Re: [joblib] joblib.hpc: Python functions as cluster jobs

From:
Gael Varoquaux
Date:
2011-04-30 @ 12:48
On Sat, Apr 30, 2011 at 10:54:30AM +0200, Dag Sverre Seljebotn wrote:
> >>> **Proposal a.** First, I am perfectly happy to take a patch that adds an
> >>> option to the Memory object (and to it's cache method) to turn tracking
> >>> of function source code off.

> >> That's a patch I have little interest in myself.

> However, "manual targetet clearing of the cache" is the kind of thing I 
> find pretty boring and frustrating, and I would much prefer keeping a 
> manual revision integer in a decorator and increment it.

Fine. Down the drain, as I said. No point loosing time on something you
don't believe in.

> To clarify, @versioned

>   a) By default, the behaviour is simply to hash the function source 
> once (on definition) rather than many times (on call), as an 
> optimization (useful for scaling down to in-memory caching, when speed 
> starts to matter).

>   The default behaviour *is* "include function code in hashing".

>   b) There's an optional parameter that I expect will be rarely used, 
> that serves as (IMO) a more elegant way of turning tracking off: Manage 
> the revision counter manually.

I guess version counters are your solution to the problem I'd like to
solve with tags. It seems to me that this differences that we are
discussing mostly lie in implementation, rather than concepts.

A notable difference, though is that you are using the label (or tag) in
the hash, whether I advocate using the function code. I can see value in
your suggestion, in particular in really makes it easy to completely
disconnect the results from the function code.

On the other hand, it makes it hard to have an equivalence between
implicite tagging, i.e. not assigning labels and having the system avoid
recomputation, and explicit tagging: going from the function code to the
store result without knowing the tag is hard. In addition, if, I have
been computing without versionning/tagging, and I want to assign a
version/tag. In your current implementation, my version label is going to
be a hash, which is quite unreadable.

An important issue here is the danger to make errors in what is being
called: I need to know what the code I am calling does, elsewhere I'll
start getting false results. One of the reasons that prompted me to write
joblib was that people where doing this tracking manually, and getting it
wrong. This is why I advocate being able to easily do implicite but safe
versionning.

Here is my suggestion, which is somewhat a compromise between your
approach and mine:

  * Directory layout changes: have an extra directory between the
    function directory and the results hash in which several
    sub-directories are named by a function code hash.
 
  * When an untagged/unversionned function is called, a hash is created
    with its source code, and this give us the name of directory the
    results are stored in, as currently.

  * When a tagged/versionned function is called, it checks for the
    presence of the tag in a correspondance table. If the tag is
    present, it points to a hash, and thus we now the directory in 
    which the results must be fetched. If a tag is not present, the
    directory is created as above, and the tag is created in the
    correspondance table. Note that on systems allowing symlinks, this
    correspondance table should probably be simply symlinks.

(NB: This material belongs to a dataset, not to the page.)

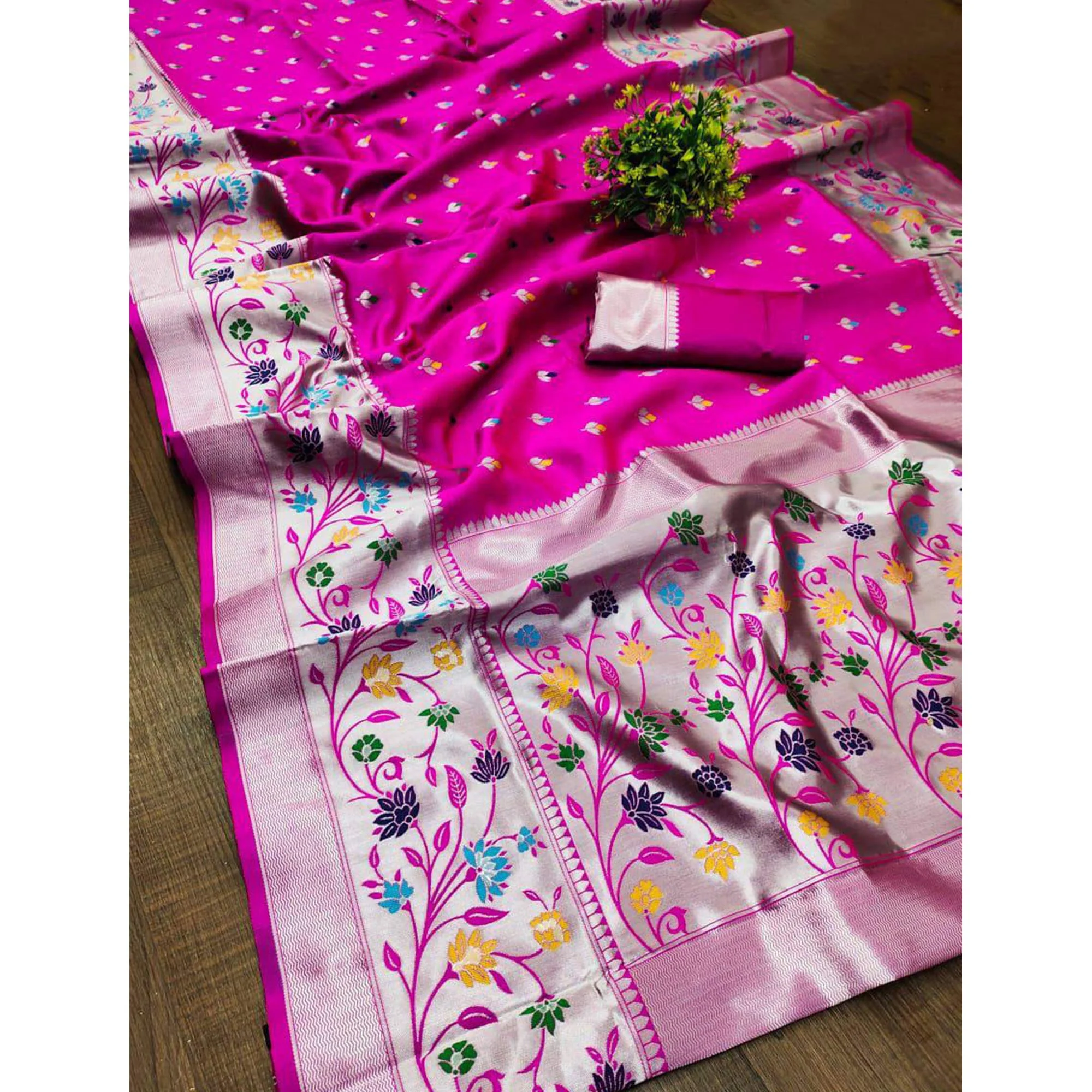 Festive Banarasi Silk Paithani Saree in Rani Pink Enhanced with Zari Weaving - Image 3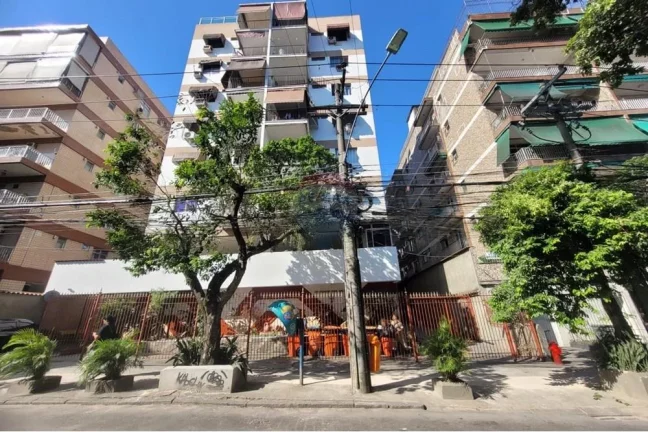 Imagem Cobertura com 115m² e com 3 quartos na Praça Seca, Rio de Janeiro.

  * A 'head' tag is kept, and always moved to the last
    untagged/unversionned function directory.
   
  * A garbage collection process removes dangling directories that are
    not refered to by any tags. The agressivity of this process tunes
    whether or not we keep all the history, a bit, or none (as in the
    current behavior).

> Hmm. I really don't like the nested layout for my purposes. If you want 
> to join my bikeshedding, here's my thoughts on this:

>   - First, I decided on base32, because git uses base16 so it visually 
> distinguishes the hashes + down from 40 chars to 32 chars.

Sure, no issue with that in general. What's the chances of collisions,
though?

>   - I like the idea of identifying a "job" (function hash + args hash) 
> by a single joblib (or, perhaps, gridlib) hash. This is more important 
> to me who would like to, say, query the cluster for the status of "job ...".

> print myfuture.hash() # and go to cluster and see how it goes

That's a perfectly valid usecase, but it doesn't mean a flat layout, IMHO
:), and it doesn't mean that the function name shouldn't be in the
identifier, rather than a simple hash.

>   - I don't need (or like) the current function-name-based structure. 
> But I can see why you need it.

Yeah, it's pretty important for me, the reason being that I would like
joblib to be as little blackbox as possible.

> Anyway, I'd like for this to be pluggable through a subclass in joblib.

Absolutely. If the methods layout need to be changed for that, don't
hesitate to propose changes.

> >   2. Your proposal requires user to manually increment the tag pointing to
> >      the function. I fear this might lead to errors. One thing that I am
> >      try to avoid really hard with joblib is people getting false results
> >      because of their use of joblib. On the other hand, your proposal
> >      probably puts less stress on disk space.

> And CPU time.

> It only requires increment the tag *if* you want to "freeze" it 
> (alternative to your proposed do_not_check_source flag).

Yes, but in returns, it is obscure as, if you have not specified an
explicit tag, you get the hash as a tag. I think that additional
computation time should be really small in my proposition, especially if
you are on a system that has symlinks.

> I just want a more convenient way of encoding (and tracking!) such 
> choices. With the amount of CPU time involved, there's just no 
> alternative to some manual tracking; it's "part of my job".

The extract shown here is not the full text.